Her words spread through me, a healing balm. “I wish I could have done things differently,” I said.

Her arms slid around my shoulders. “Well, you can’t. You can only go forward from here. I love you so much, Forrest. I’ve missed your father every day he’s been gone. But I’ll always have a piece of him in you, and that’s the greatest gift he ever gave me.”

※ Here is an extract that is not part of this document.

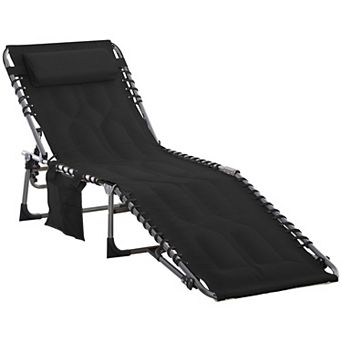 Poolside Lounge Chair with Adjustable Back Padded Seat and Side Storage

I soaked in her love, her forgiveness.

“I have something for you,” she said. “Stay there.”

She disappeared into her closet, and what she held in her hand when she returned caught the light in a blaze of color. “You don’t have to use it, but that’s the ring your father gave me. And when you get around to proposing to Sterling, if you want…” She set it in my palm—a circle of gold topped by an emerald-cut diamond faceted so that it burned like fire.

I picked up the ring and held it to the light, hope surging in my heart. I looked at my mom over the ring. “We’re not there yet. I’m not sure she’s forgiven me.”

My mother smiled. “You worry too much. She’s a smart girl, and I’ve seen the way she looks at you. She’s not going to let a good thing get away. And you, my sweet boy, are the best. You don’t have to use it if you had something else in mind.”

All at once, I knew she was right. This was right. “Sterling will love it. Thanks.” I wrapped my arms around my mom in a tight hug, feeling so lucky. We’d lost my dad, cruelly and before his time, but all these years we’d had each other. And maybe, if I could pull it off, I’d have a future with the woman I loved.

I let my mom go and tucked the ring in my pocket.

“Go on,” she said. “Take your girl for a romantic walk. Who knows, maybe you’ll put that thing to use.”